**Work to be completed**
Each line from the one containing "Two Pounds India" to the end of the material below is to be restated exactly, with pictures skipped.

**Source material**
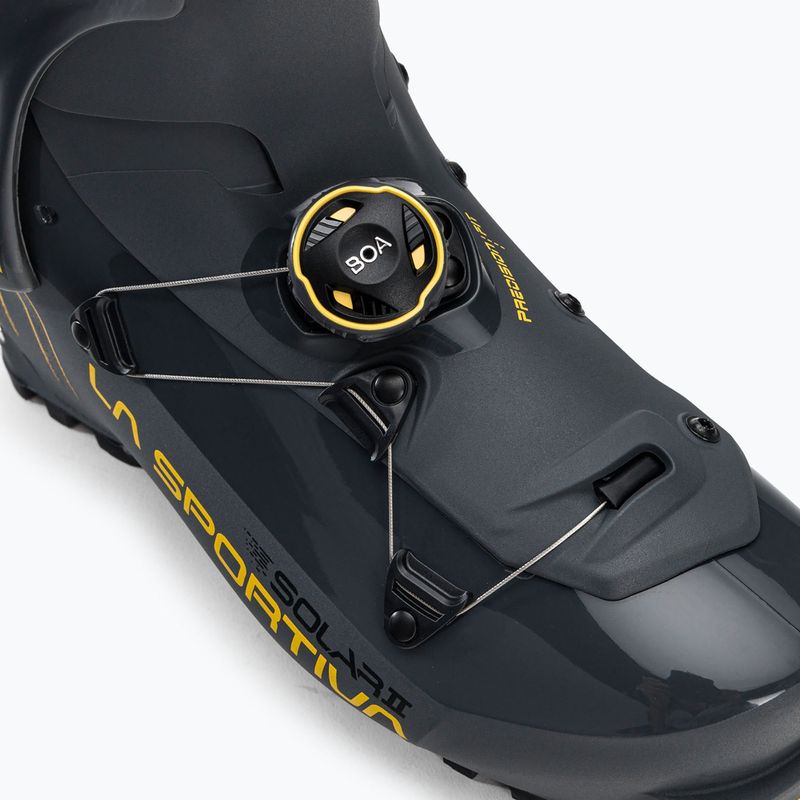 Tourenskischuhe Herren La Sportiva Solar II grau-gelb 89G91 7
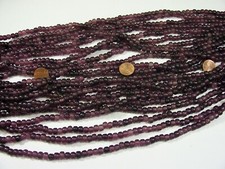 Two Pounds India Purple Pony Glass Beads Wholesale Bulk Lot 5mm x 7mm RPL-34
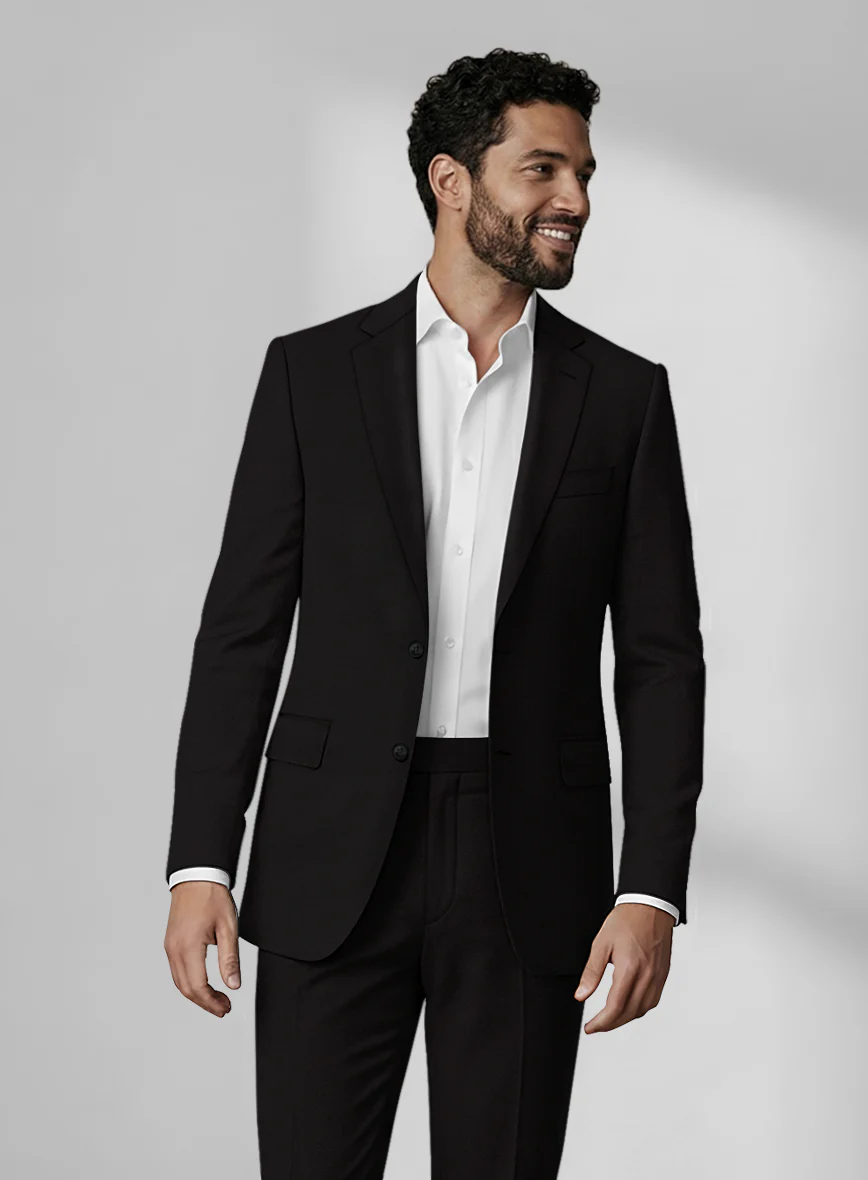 Loro Piana Zelander Black Wool Suit - Image 3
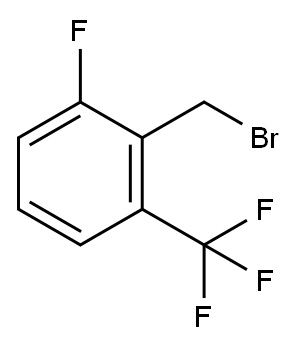 2-FLUORO-6-(TRIFLUOROMETHYL)BENZYL BROMIDE Structure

**The completed task**
 Two Pounds India Purple Pony Glass Beads Wholesale Bulk Lot 5mm x 7mm RPL-34
 Loro Piana Zelander Black Wool Suit - Image 3
 2-FLUORO-6-(TRIFLUOROMETHYL)BENZYL BROMIDE Structure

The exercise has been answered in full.